- _ACTIVITY_
When a line in the data below includes "Blue", count it; then give only the total.

Web page caption snippets
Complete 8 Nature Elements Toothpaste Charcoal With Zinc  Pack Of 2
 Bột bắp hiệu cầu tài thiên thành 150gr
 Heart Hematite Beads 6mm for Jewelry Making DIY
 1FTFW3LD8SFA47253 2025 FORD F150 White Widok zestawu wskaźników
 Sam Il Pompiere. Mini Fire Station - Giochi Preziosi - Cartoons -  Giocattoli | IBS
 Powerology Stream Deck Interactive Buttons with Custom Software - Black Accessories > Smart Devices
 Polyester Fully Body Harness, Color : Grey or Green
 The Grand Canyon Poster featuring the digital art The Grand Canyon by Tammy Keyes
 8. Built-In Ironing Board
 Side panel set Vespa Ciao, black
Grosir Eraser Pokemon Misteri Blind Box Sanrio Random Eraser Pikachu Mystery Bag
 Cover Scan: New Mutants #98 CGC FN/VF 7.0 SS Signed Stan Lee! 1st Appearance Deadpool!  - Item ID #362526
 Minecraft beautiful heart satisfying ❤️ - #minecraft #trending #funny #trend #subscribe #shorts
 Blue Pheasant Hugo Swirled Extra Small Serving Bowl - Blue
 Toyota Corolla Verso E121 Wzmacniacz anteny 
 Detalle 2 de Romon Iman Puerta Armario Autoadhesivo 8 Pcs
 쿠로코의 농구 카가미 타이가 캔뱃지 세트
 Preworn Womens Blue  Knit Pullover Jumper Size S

- _WRITTEN REPLY_
2